Despite nine months of preparation, once The Last Picture Show was underway Bogdanovich suffered "constant terror that I was screwing the film up, that I was winging it too much, that I should have planned more." In the end, he thought the tumult saved him "from becoming self-conscious." He had been rebuffed in his offer to James Stewart to play Sam the Lion, the movie's noble, grizzled conscience. He battled his leading boy, Timothy Bottoms, whom he called "a neurotic kid," accusing him of not learning his lines. (He had wanted John Ritter for the role and vowed never again to work with Bottoms.) And then, there was the ingenue. "I just never thought I could be good enough to get into the big time.
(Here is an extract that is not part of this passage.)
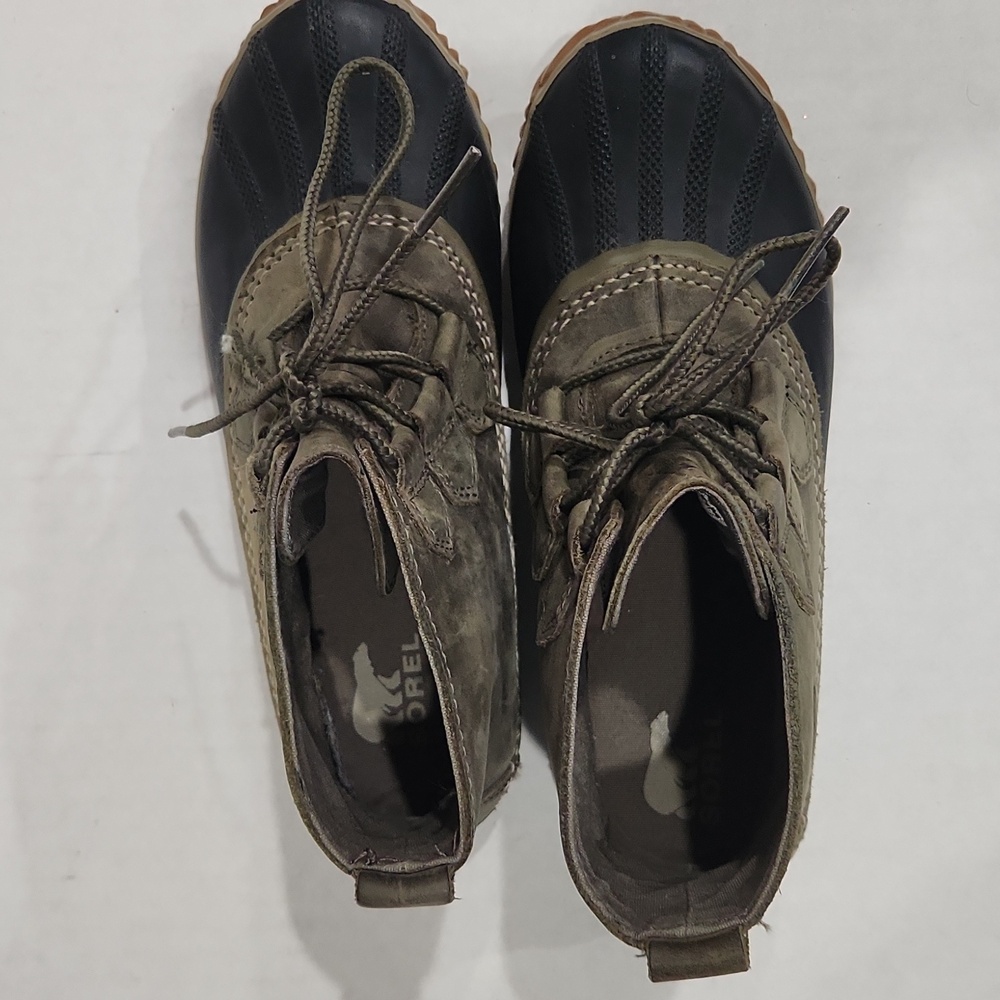 Sorel Olive and Black Winter Boots - Picture 4 of 11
But then, along came Peter," said Cybill Shepherd, whose gaze first beckoned to Bogdanovich from the cover of Glamour in a Van Nuys supermarket. When he signed Shepherd, a former Miss Teen-Age Memphis and $75-an-hour New York model, without a screen test--for $5,000--she had already turned down Pretty Maids All in a Row after sex kitten panderer Roger Vadim described a lengthy sex scene to her. On the set, Bogdanovich called her "Miss Shepherd"Von Stern-berg had addressed his great obsession as "Miss Dietrich" and in full view of the cast and crew, including Polly Platt, with whom by this time he had two toddlers, Bogdanovich and Shepherd fell, as he has put it, "overpoweringly" in love.

Critics embraced the brooding, laconic The Last Picture Show as a reassuring, Nixon-era antidote to the counter-cultural hooliganism of Easy Rider. "I have a perverse antagonism for the 'new' movie," said Bogdanovich, putting distance between himself and Dennis Hopper's maddeningly with-it The Last Movie, released the same year. "My films are not about cameras; they're about people." Frank talk, gloomy sex, and a sense of loss put over The Last Picture Show as a wised-up 70s picture, but its look and feel were cozily retro: a blend of vintage Ford, spiced with Sirk, cut with Kazan. It proved to be as much a watershed for new faces--Bottoms, Shepherd, Jeff Bridges, Randy Quaid--as a showcase for lived-in ones: Ellen Burstyn, Eileen Brennan, Cloris Leachman, and Ben Johnson (who won an Oscar for the role Stewart passed up). Called "the most impressive work by a young American director since Citizen Kane," and "a masterpiece," the movie won eight Oscar nominations.